This is at home with Oliver, a foster, in the background. Oliver is a BEW with an outrageous personality. I want so much to bond them, but Gracie now seems to be a dominant bun also. Any tips on bonding dominants are welcome... 






Oh, and by the way... I may start a new blog for a new trio, if all goes well in the next week or two.... Ifinally found a boy that my girls like.... I think I am finally ready to open my heart to another trio that will be almost as beautiful as my first.


----------



## LuvaBun (May 12, 2011)

*myheart wrote*


> Oh, and by the way... I may start a new blog for a new trio, if all goes well in the next week or two.... Ifinally found a boy that my girls like.... I think I am finally ready to open my heart to another trio that will be almost as beautiful as my first.


Oh Janet, that would be too good to be true . Who is the lucky boy?

Gracie is such a beauty. I didn't have any luck in bonding my two dominant buns (Jester and Shadow) so can't be much help there, I'm afraid. They both get on with bothn the girls, though.

Jan


----------



## Wabbitdad12 (May 12, 2011)

I love her blue eyes.


----------



## SOOOSKA (May 12, 2011)

Oh My Goodness, Gracie Anne is LOVELY. Look at those eyes.

Oliver looks like a real looker too.

More pictures please.:biggrin2:

Susan


----------



## JadeIcing (May 16, 2011)

Can I have her?


----------



## myheart (May 16, 2011)

*JadeIcing wrote: *


> Can I have her?


:biggrin: Told you we love Chibi....


----------



## JadeIcing (May 16, 2011)

Hehe I see.


----------



## myheart (May 16, 2011)

Thanks Jan, Dave, and Susan. Gracie is just a little doll and so easy to cuddle. I am such a sucker for those blue eyes. 

Sadly, I was mistaken about the trio....  I had taken Grace to the shelter to date the two available bachelors. One wasn't neutered and had the expected outcome... The other boy was at the shelter for about seven months and had been neutered when he arrived. The date went really well!! He took the dominant abuse that Gracie dished out, turned his head, and groomed her!! I was so amazed that I thought he was "the one" to bond with Grace, or maybe even Callie and Zappa.

I adopted him, and unfortunately, he has decided he wants to be a dominant also.  I don't know what to do with a house full of dominant bunnies!! This is getting to be so frustrating! All I want them to do is like each other... Are there no submissive bunnies left out there?

Anyhow, I named my new guyDoug, after the dog in the movie "Up." We think he is a Satin mix with the Californian marks.
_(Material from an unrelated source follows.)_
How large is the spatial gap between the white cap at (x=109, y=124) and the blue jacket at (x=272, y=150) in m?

He is a handsome bunny with pink eyes, and doesn't seem to have any visual problems that I am able to tell. I think Doug may be bonding with me because I'm not afraid to let him know that I am alpha-bun. 

I don't have any pics of Dougin my Photobucket account yet. I will have to do that so you will be able to see what a handsome trio they would have made....


----------



## myheart (May 17, 2011)

I now have pics loaded in my Photobucket account...

RO, meet Doug...












Doug with my girls on their first and only real successful date. 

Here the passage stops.